1

How do I return in Assembler a 64bit value ? I tried this:

C-program:

#include <stdio.h>

double result=0;
double a = 10;
extern double func(double a);

 int main() {       
    result = func(a);
    printf("result: %f\n", result);     
    return 0;
   }

Assembly:

      section .bss
      x: resq 1

      section .text 

      global func

      func:

      movq qword[x],xmm0
      fld qword [x]
      fld qword [x]
      fadd
      movq xmm0,qword[x]

      ret

It should return 20.0 but instead it is always 10.0 What did I wrong?

falcon
  • 21
  • 1
  • 2
  • 3
    You never store the result.
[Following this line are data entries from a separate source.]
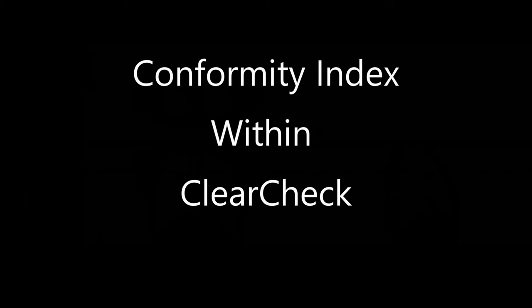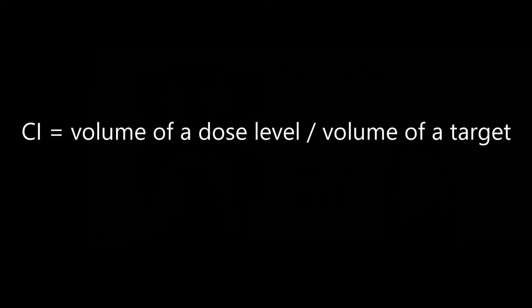First, it's important to understand Conformity Index within the ClearCheck software. ClearCheck defines Conformity Index as a ratio between the volume of a dose level and the volume of a target. The equation in ClearCheck is defined as PIV divided by TV.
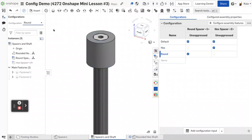And then if you were putting this in a larger assembly, you could do the same thing we did with the part studios. Just right click on it, click change configuration, and then it'll change the spacer between hex and round instead of you having to delete one part, reinsert another part, remade it again. So it very much streamlines the process.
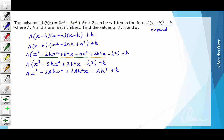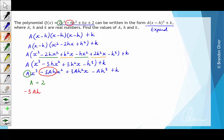The first coefficient we equate is the a in front of x³ with the 2 in front of x³ in the original, so a = 2. Next, the coefficient of x² is -6, which pairs up with -3ah. So -3ah = -6, and since a = 2, we get -6h = -6, giving h = 1.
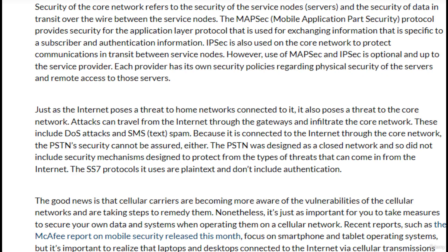Just as the internet poses a threat to a home network connected to it, it also poses a threat to the core network. Attackers can travel from the internet through the gateways and infiltrate the core network, including through DoS attacks and SMS text spam. Because the PSTN is connected to the internet through the core network, its security cannot be assured either. The PSTN was designed as a closed network and did not include security mechanisms to protect against internet-sourced threats. The SS7 protocols it uses do not include authentication. The good news is that cellular carriers are becoming more aware of these vulnerabilities.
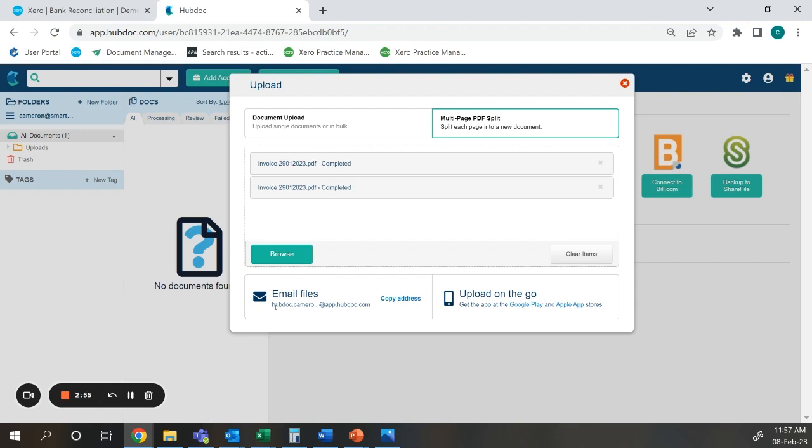With the mobile app you can also use it on the go as when you purchase anything you can take a snap of the receipt and this will be automatically uploaded to HubDoc. You can also use this to upload files from your phone.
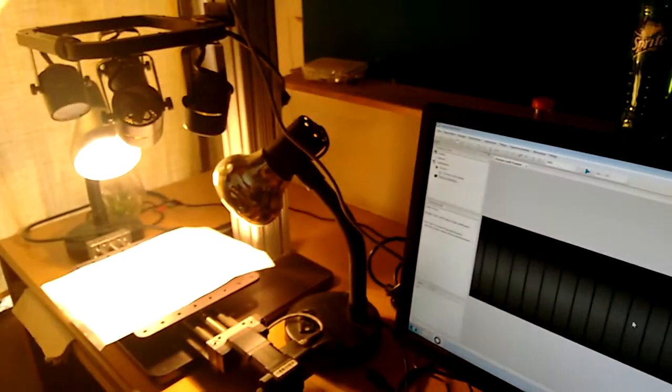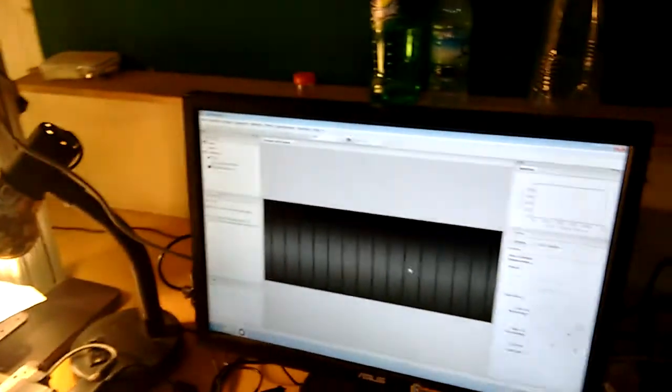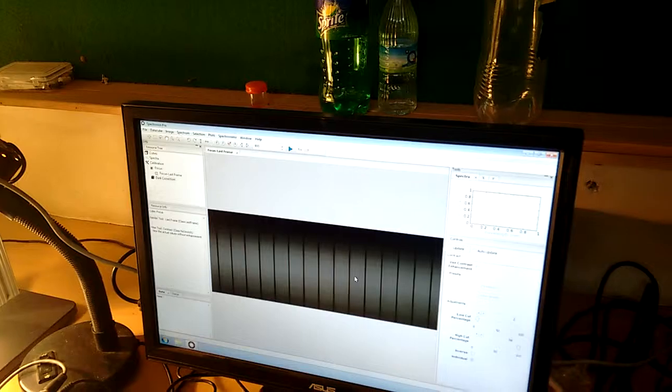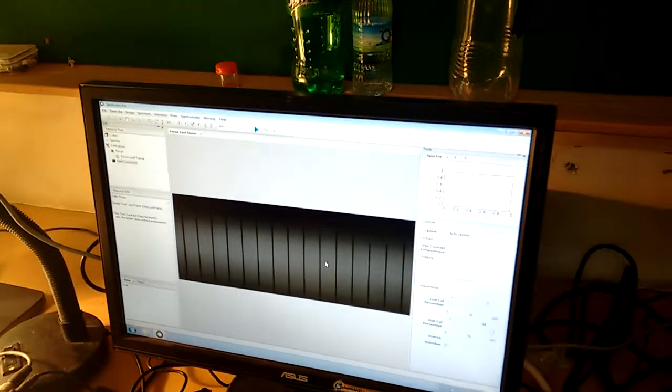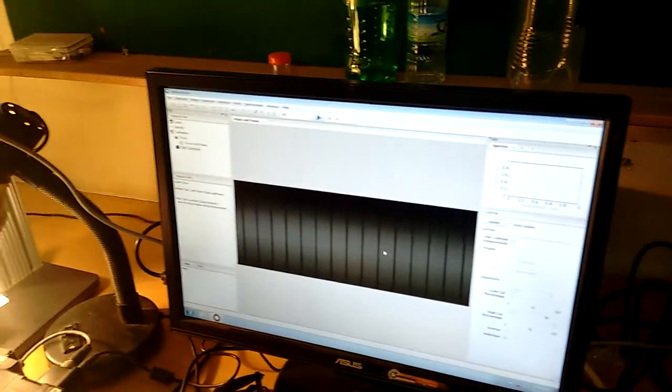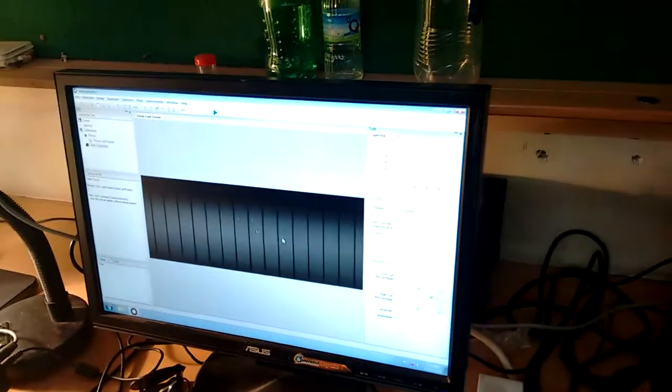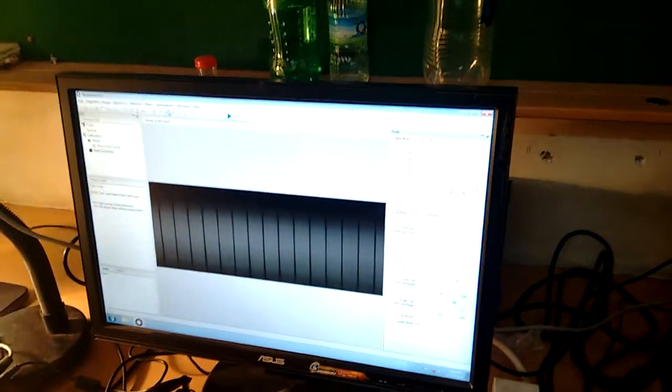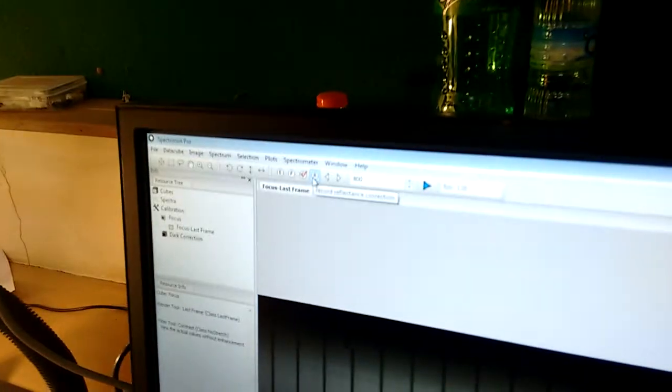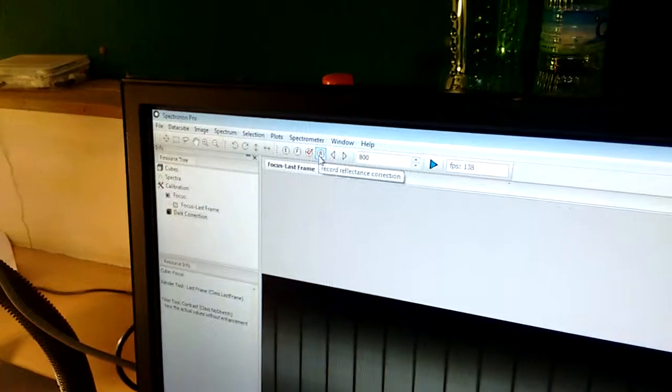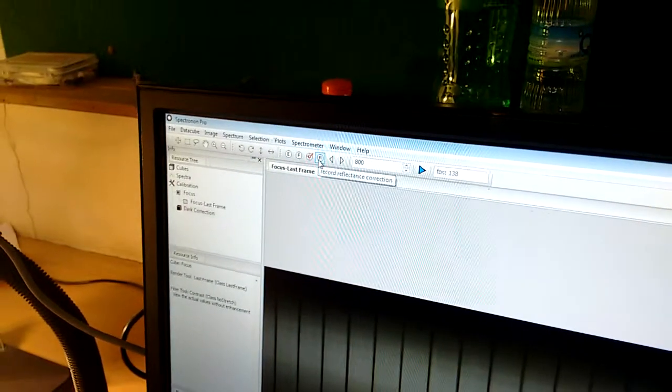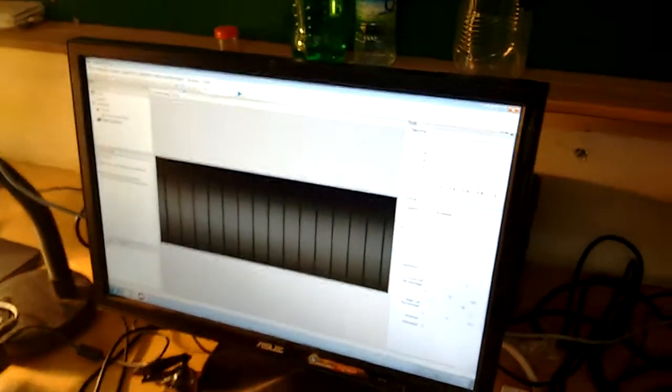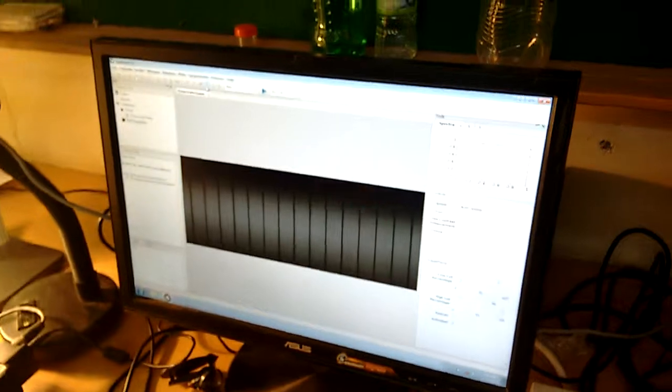Yeah, so the dark measurement is done. I open the camera lens again. Now the next step is to give the reflectance correction. I mean like what is the maximum light that can enter into the camera. So again I have to place the white reference panel.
And btw, it would probably be simpler to use SSE instead of x87. – ElderBug Jun 09 '16 at 15:50
  • Elderbug is correct. `fadd` added st(0) and st(1) storing the value in `st(0)`. You don't update the value in [x] with the value at the top of the stack. You also don't pop the extra values off the FPU stack before returning (This will cause a problem overflowing the FPU stack if you call this function 5 times). As Elder points out you could use SSE instead of FPU unless the assignment given demanded you to do it this way. – Michael Petch Jun 09 '16 at 17:52
  • The code could also be simplified, but I am curious are you compiling for 32-bit or 64-bit code? I'm assuming from the result you got, your executable is intended to be 64-bit. – Michael Petch Jun 09 '16 at 17:55
  • With 64-bit code you can use the redzone on the stack for temporarily storing the value you intend to load onto the FPU stack. Code like this may work: `section .text global func func: movq [rsp-8],xmm0 fld qword [rsp-8] fadd qword [rsp-8] fstp qword [rsp-8] movq xmm0,[rsp-8] ret` . I use `fadd` with a 64bit memory operand with result in st(0), then use `fstp` to pop the value off FPU stack back into memory location and then copy that value to xmm0. `fstp` will pop the one and only value I loaded on the FPU stack in this example. – Michael Petch Jun 09 '16 at 18:14
  • 1
    If you could use SSE you can use the [ADDSD](http://www.felixcloutier.com/x86/ADDSD.html) instruction like this `section .text; global func; func: addsd xmm0, xmm0; ret` . That would add the scalar double in xmm0 to xmm0 storing the result in xmm0. – Michael Petch Jun 09 '16 at 18:27
  • The best thing you could do though is take your original code, and run it in a debugger like _GDB_ and watch what happens as you step through your function an instruction at a time. Using a debugger is a very good skill to adopt. – Michael Petch Jun 09 '16 at 18:33
  • The redzone exists on Linux, I may have incorrectly assumed your target platform. – Michael Petch Jun 09 '16 at 19:15
  • @MichaelPetch: I *think* Windows mangles C function names with an `_`, so this is probably Linux. falcon: See the [x86 tag wiki](http://stackoverflow.com/tags/x86/info) for links to calling conventions and other essential stuff. – Peter Cordes Jun 10 '16 at 02:10
  • 1
    @PeterCordes : Yes, my main point was an indirect way to suggest it always helps to tell us the target environment in a question. Not likely, but it would have been possible to avoid the underscore on GCC for Win32 by using the something like `-fno-leading-underscore` . I highly doubt he is, but anything is possible. – Michael Petch Jun 10 '16 at 02:15

2 Answers2

2

@Michael Petch noted that the whole function could be much more efficient with the following code:

addsd xmm0, xmm0   ; Add input parameter to itself
ret                ; Done!  (return values go in xmm0)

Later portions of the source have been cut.